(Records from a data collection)
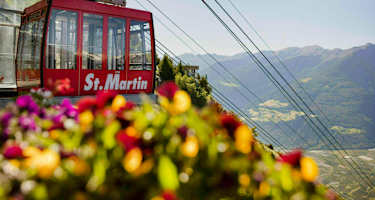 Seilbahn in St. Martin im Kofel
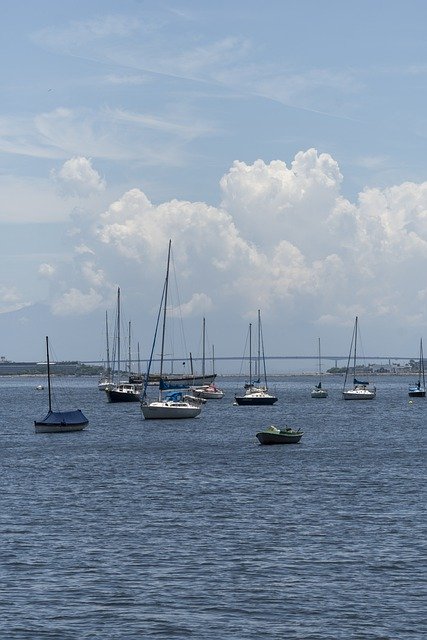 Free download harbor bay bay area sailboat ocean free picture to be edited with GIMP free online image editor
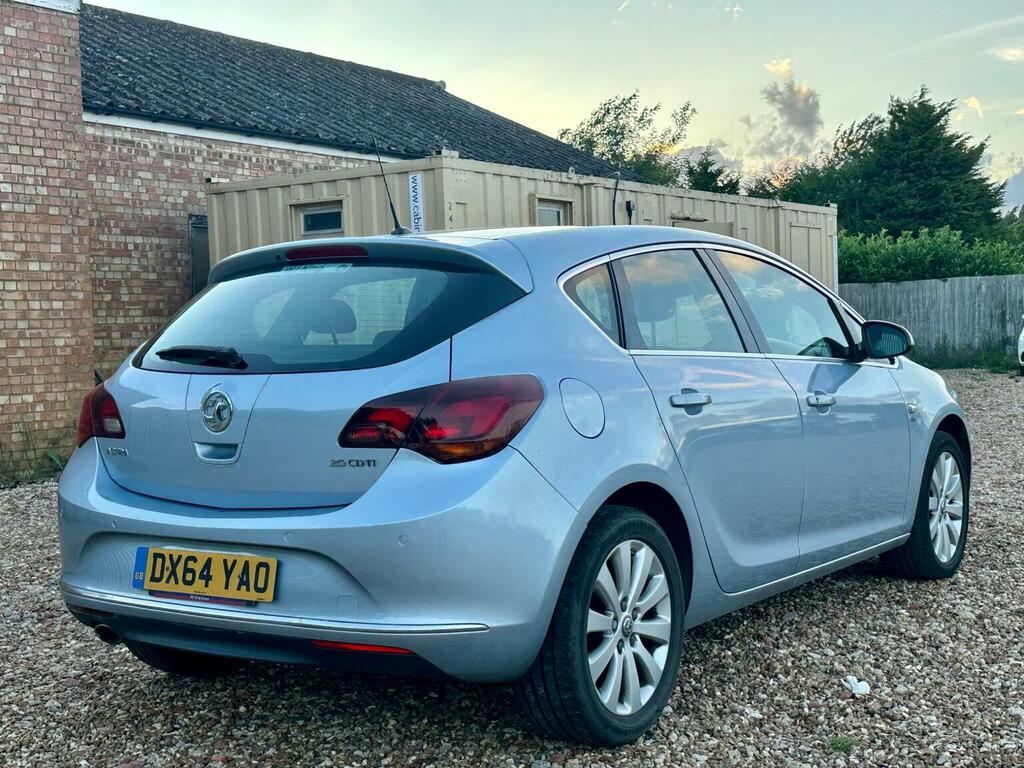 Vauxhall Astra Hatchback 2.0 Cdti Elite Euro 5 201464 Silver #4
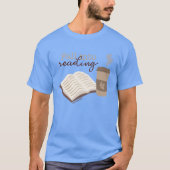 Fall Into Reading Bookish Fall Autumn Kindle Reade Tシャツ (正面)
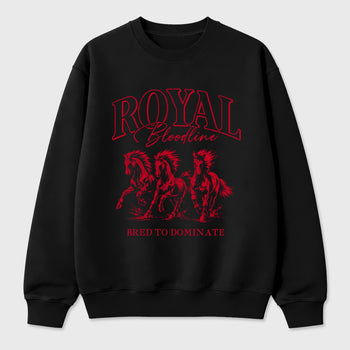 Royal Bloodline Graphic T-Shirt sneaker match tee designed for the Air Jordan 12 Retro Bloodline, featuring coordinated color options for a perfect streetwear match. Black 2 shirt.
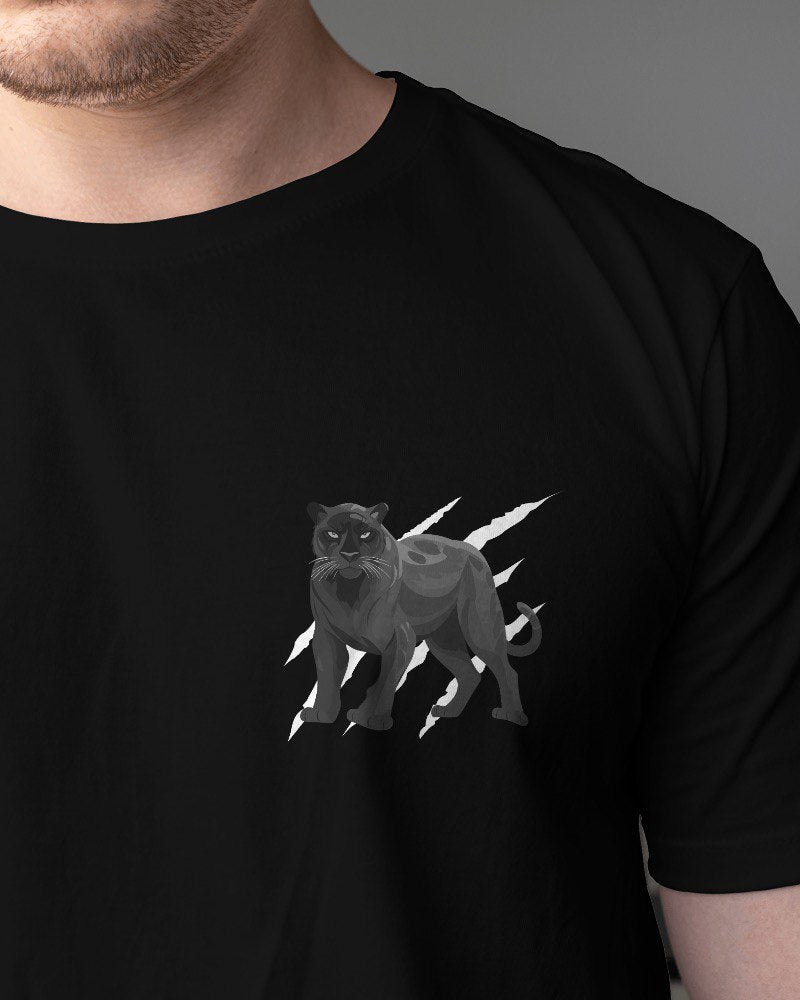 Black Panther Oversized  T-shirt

* **Exercise aim**: Return the preceding entries verbatim, with the pictures excluded.

* **Response to the exercise**:
 Seilbahn in St. Martin im Kofel
 Free download harbor bay bay area sailboat ocean free picture to be edited with GIMP free online image editor
 Vauxhall Astra Hatchback 2.0 Cdti Elite Euro 5 201464 Silver #4
 Fall Into Reading Bookish Fall Autumn Kindle Reade Tシャツ (正面)
 Royal Bloodline Graphic T-Shirt sneaker match tee designed for the Air Jordan 12 Retro Bloodline, featuring coordinated color options for a perfect streetwear match. Black 2 shirt.
 Black Panther Oversized  T-shirt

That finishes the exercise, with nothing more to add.